Royals

You can take virtual tours of some of Europe's most beautiful palaces while you self-isolate

Fancy a free tour of Buckingham Palace? How about the Palace of Versailles?

With travel plans out the window for at least the next four weeks as we hunker down at home, you may be pleased to hear there's another way to see some of the world's wonders right from your living room and the best part? It's free.
If you've always wanted to walk through the iconic Hall of Mirrors in the opulent Palace of Versailles or see inside the Throne Room in London's Buckingham Palace, you can, thanks to a number of virtual tours that are right at your finger-tips.
Here are some of our favourites.

Buckingham Palace

It's Queen Elizabeth's official residence and one of the world's most visited tourist destinations, and while you may not be able to see inside all of Buckingham Palace's 775 rooms - 240 bedrooms, 19 staterooms, 92 offices and 78 bathrooms - you are able to take a tour of three of its most iconic space: the Grand Staircase, the Throne Room and the White and Blue Drawing Rooms.
Once inside the rooms you can discover incredible detail about some of the notable artwork, décor and items in the room by clicking on the information icons. For example, did you know the Dome ceiling which looks down into the Grand Staircase is made from 40 panes of glass and etched with figures of angels?

Palace of Versailles

Virtual reality tour (requires a VR headset): Palace of Versailles, Paris
If you thought Buckingham Palace with its 775 rooms was impressive, Paris' Palace of Versailles makes Buckingham Palace look small in comparison, boasting 2,300 rooms spread over almost five kilometres.
Starting as a hunting lodge built by King Louis XIII in 1623, he later decided to turn it into a chateau, which was expanded on by his son Louis XIV and his predecessors, becoming the principal royal residence of France from 1682 until the French Revolution 100 years later.
If you're lucky enough to own a virtual reality headset, the Palace, in partnership with Google Arts & Culture has created an immersive experience where you can freely explore everything in impeccable detail from the King and Queen's State Apartments, the Royal Opera House and of course the Hall of Mirrors, complete with audio commentary.
Don't have a VR headset? Don't worry, you're still able to explore the rooms and the expansive gardens via Google Arts & Culture here.

Windsor Castle

A royal home and fortress for more than 900 years, Windsor Castle is the largest occupied castle in the world and is where the Queen and Prince Philip are currently self-isolating.
The castle has also been front and centre over the past couple of years, hosting three royal weddings in just two years – The Duke and Duchess of Sussexes' and Princess Eugenie and Jack Brooksbank's in 2018 and Lady Gabriella Windsor's wedding to Thomas Kingston last year.
In the virtual tour, you're able to see a traditional State Banquet in St George's Hall – where Harry and Meghan held their wedding reception, as well as explore the Crimson Drawing Room and the Waterloo Chamber.

The Royal Palace

If you're an art lover, a virtual tour of Stockholm's Royal Palace's stone galleries – which house Gustav III's sculpture collection - might just be up your alley.
Now the official residence of King Carl XVI Gustav, the 18th-century castle is built in the spot where the ancient "Tre Kronor" castle burned down in 1697.
In this special virtual tour, walk through the hallways with its checkerboard floors and learn about the impressive sculptures housed there via plaques and audio guides.

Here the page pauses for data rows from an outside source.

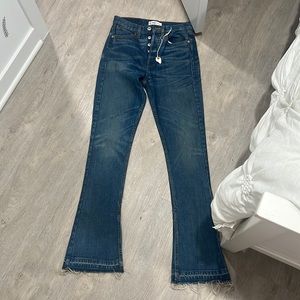 Re/done jeans new no tags but never been worn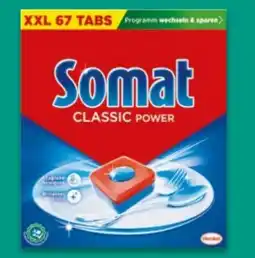 NETTO Somat XXL Spülmaschinentabs Angebot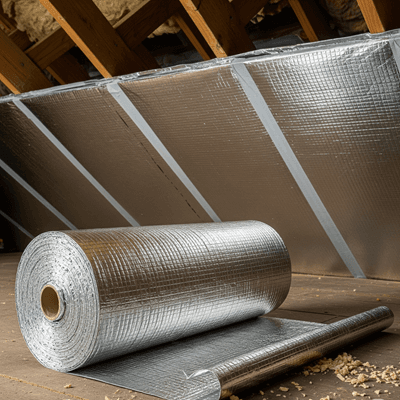 Radiant Barrier Insulation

The Palace of Holyroodhouse

The royal family's official residence in Scotland, Holyroodhouse. (Image: Getty)
Queen Elizabeth's official residence in Scotland, Holyroodhouse has a long history, originally built as a monastery in 1128.
In 1501 it was modernised by King James VI, which he created a palace for his wife Margaret Tudor, these days the residence plays host to Scottish people from all works of life during Investitures, Garden Parties and other events.
In the virtual tour, you begin at the Great Staircase and can also explore the Morning Drawing Room with its walls draped in tapestries as well as exploring the King's Bedchamber.

The Royal Palace of Amsterdam

If you've always wanted to explore the capital of The Netherlands why not take a virtual trip to its Royal Palace. The Palace, which was originally built as the city's Town Hall became the royal palace of Louis Napoleon and later the Dutch Royal House.
The virtual tour begins in the heart of the building in the Citizen's Hall (Burgerzaal) which includes marble floors inlaid with three circular maps. From there, explore the paintings, sculptures and architectural décor in the adjoining rooms.
Of course, as well as royal palaces, many museums and art galleries also have virtual tours available for you to explore and immerse yourself in such as the Musée d'Orsay in Paris and MoMA in New York City.